"""

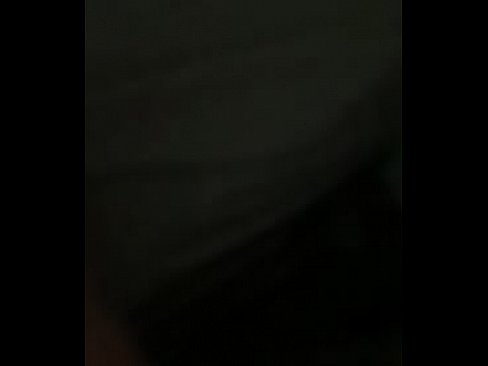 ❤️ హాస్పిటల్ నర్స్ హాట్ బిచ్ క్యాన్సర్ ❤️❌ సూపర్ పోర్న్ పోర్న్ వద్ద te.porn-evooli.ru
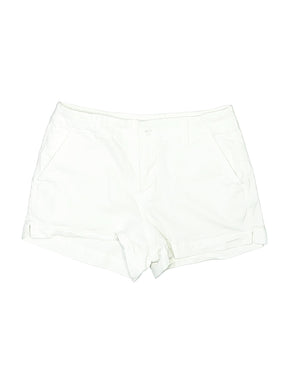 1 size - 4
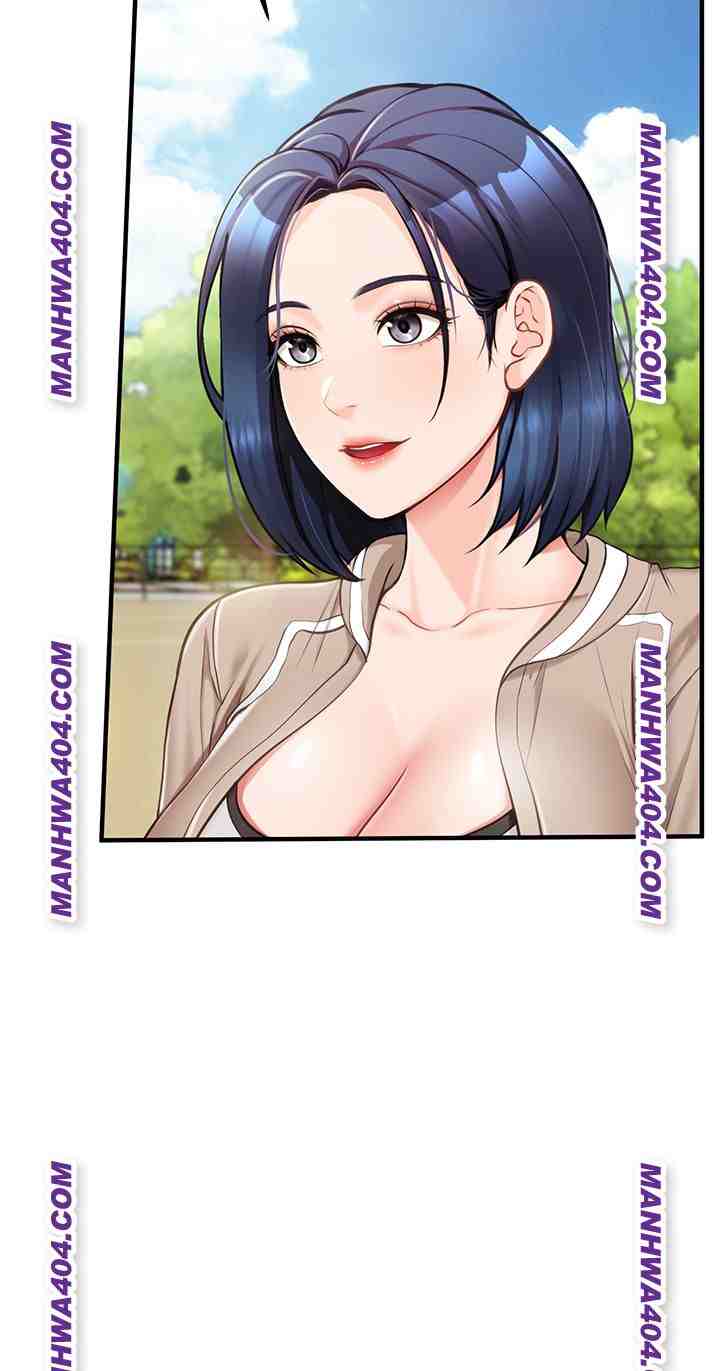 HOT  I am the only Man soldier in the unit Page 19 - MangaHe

"""

ABOUT THIS TASK. Set the entire listing down again, exact in every line, without any pictures.

OUTPUT FOR THIS TASK.
 ❤️ హాస్పిటల్ నర్స్ హాట్ బిచ్ క్యాన్సర్ ❤️❌ సూపర్ పోర్న్ పోర్న్ వద్ద te.porn-evooli.ru
 1 size - 4
 HOT  I am the only Man soldier in the unit Page 19 - MangaHe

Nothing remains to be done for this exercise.